SUPPLIED INFORMATION =>
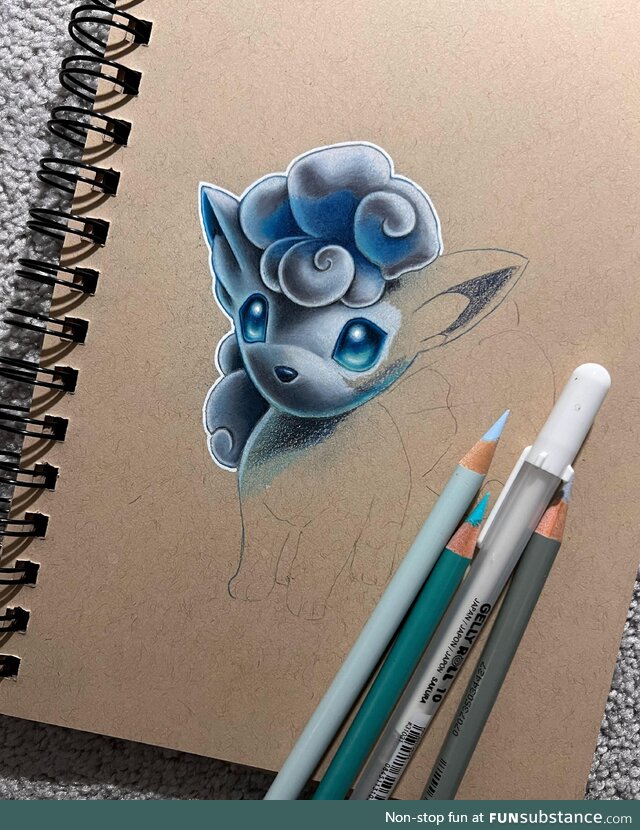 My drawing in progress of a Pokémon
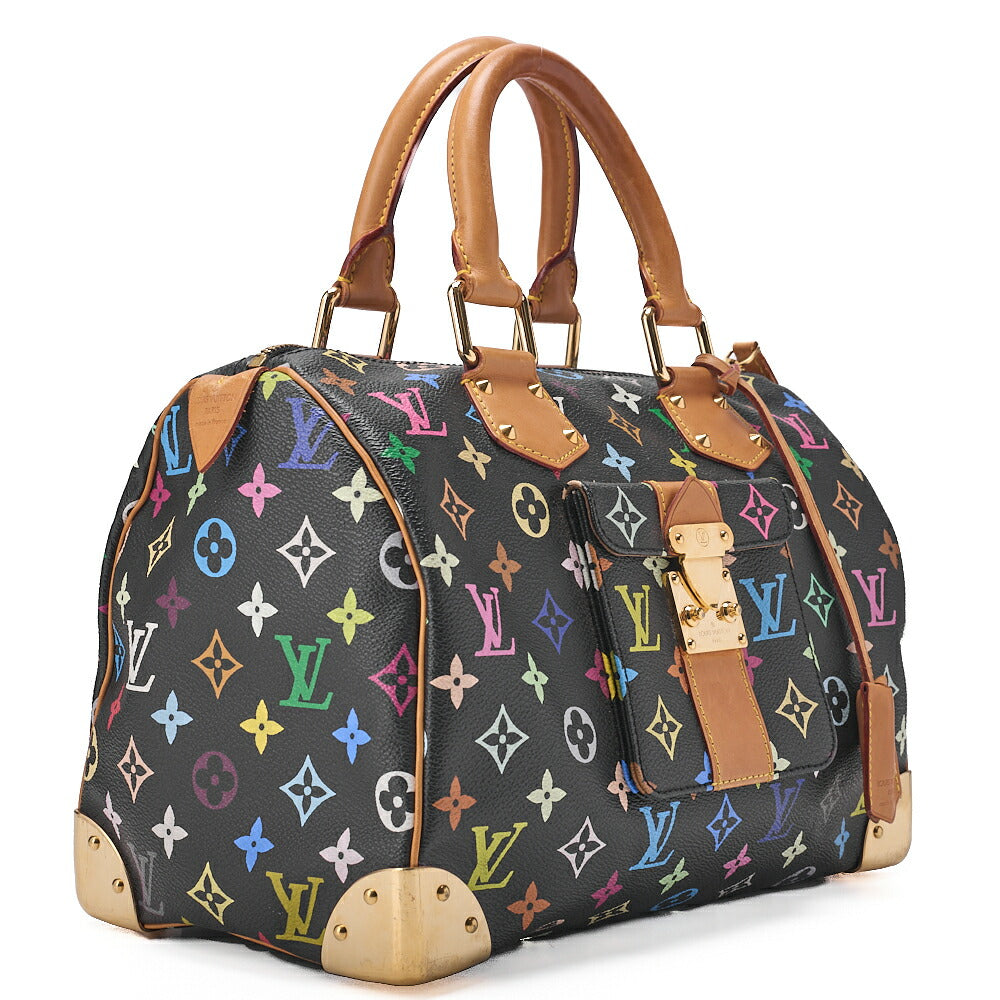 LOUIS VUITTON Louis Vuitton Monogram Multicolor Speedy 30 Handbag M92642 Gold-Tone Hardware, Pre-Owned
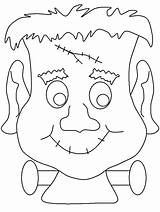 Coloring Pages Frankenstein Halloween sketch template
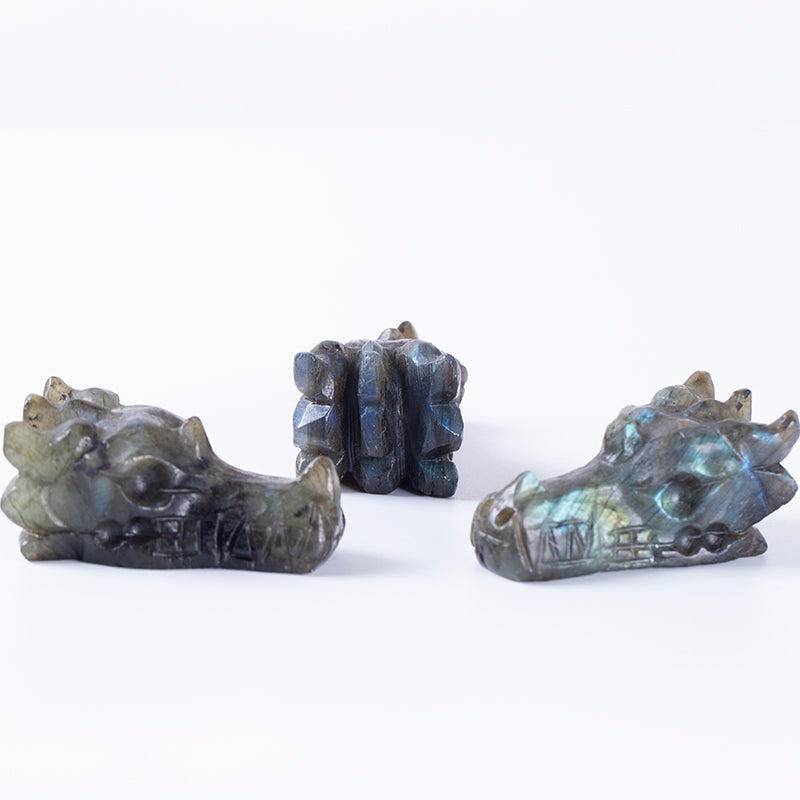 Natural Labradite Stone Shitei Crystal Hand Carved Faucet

YOUR OBJECTIVE =>
Please copy the data above character for character, skipping any pictures.

SOLUTION TO THE EXERCISE =>
 My drawing in progress of a Pokémon
 LOUIS VUITTON Louis Vuitton Monogram Multicolor Speedy 30 Handbag M92642 Gold-Tone Hardware, Pre-Owned
 Coloring Pages Frankenstein Halloween sketch template
 Natural Labradite Stone Shitei Crystal Hand Carved Faucet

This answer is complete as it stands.